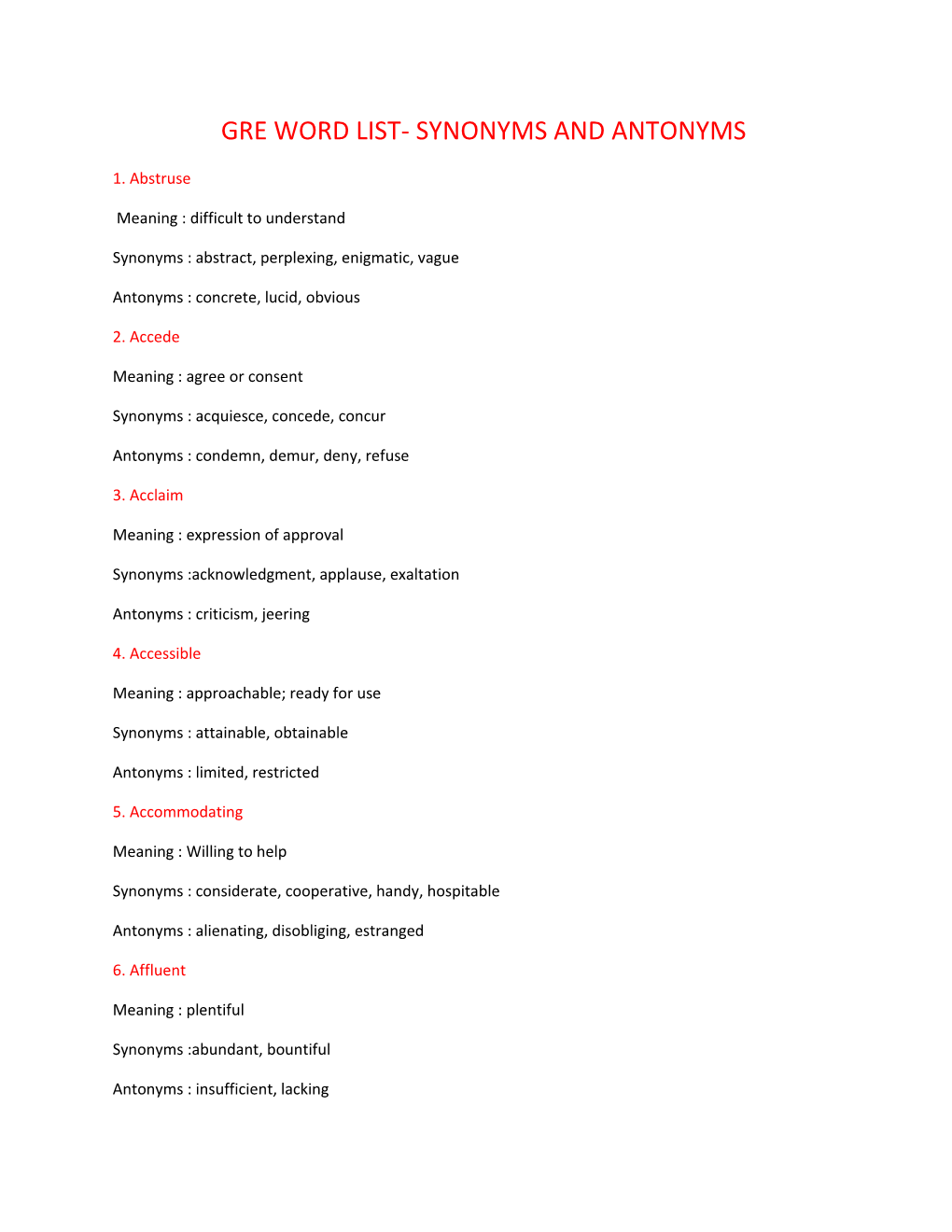 Gre Word List- Synonyms and Antonyms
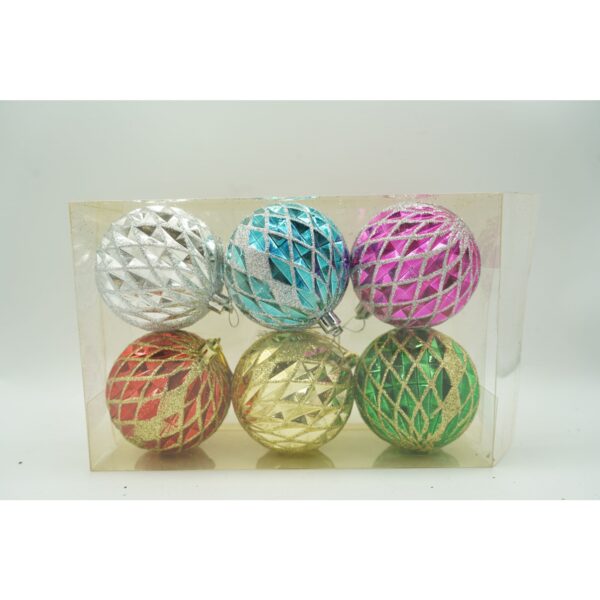 Set de 6 ornamente de brad, Flippy, de tip Glob, Multicolor, cu Ã¸ de 8 cm, din plastic, cu finisaj sclipitor , cutie  24  cm inaltime x 16  cm lungime x 8  cm adancime - imagine 2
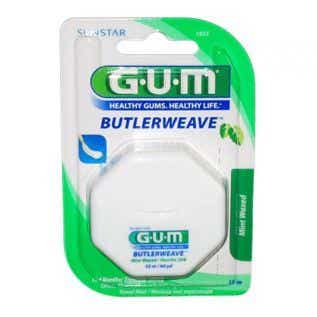 GUM BUTLERWEAVE FLAT DENTAL FLOSS WAX MENTHOL 1855 55M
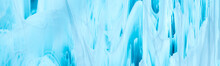Abstract Frosty Texture Background Of Blue Stained Glass.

################

** Your instructions **
The whole listing above should be restated word for word, minus any images.

** Solution **
 Gre Word List- Synonyms and Antonyms
 Set de 6 ornamente de brad, Flippy, de tip Glob, Multicolor, cu Ã¸ de 8 cm, din plastic, cu finisaj sclipitor , cutie  24  cm inaltime x 16  cm lungime x 8  cm adancime - imagine 2
 GUM BUTLERWEAVE FLAT DENTAL FLOSS WAX MENTHOL 1855 55M
Abstract Frosty Texture Background Of Blue Stained Glass.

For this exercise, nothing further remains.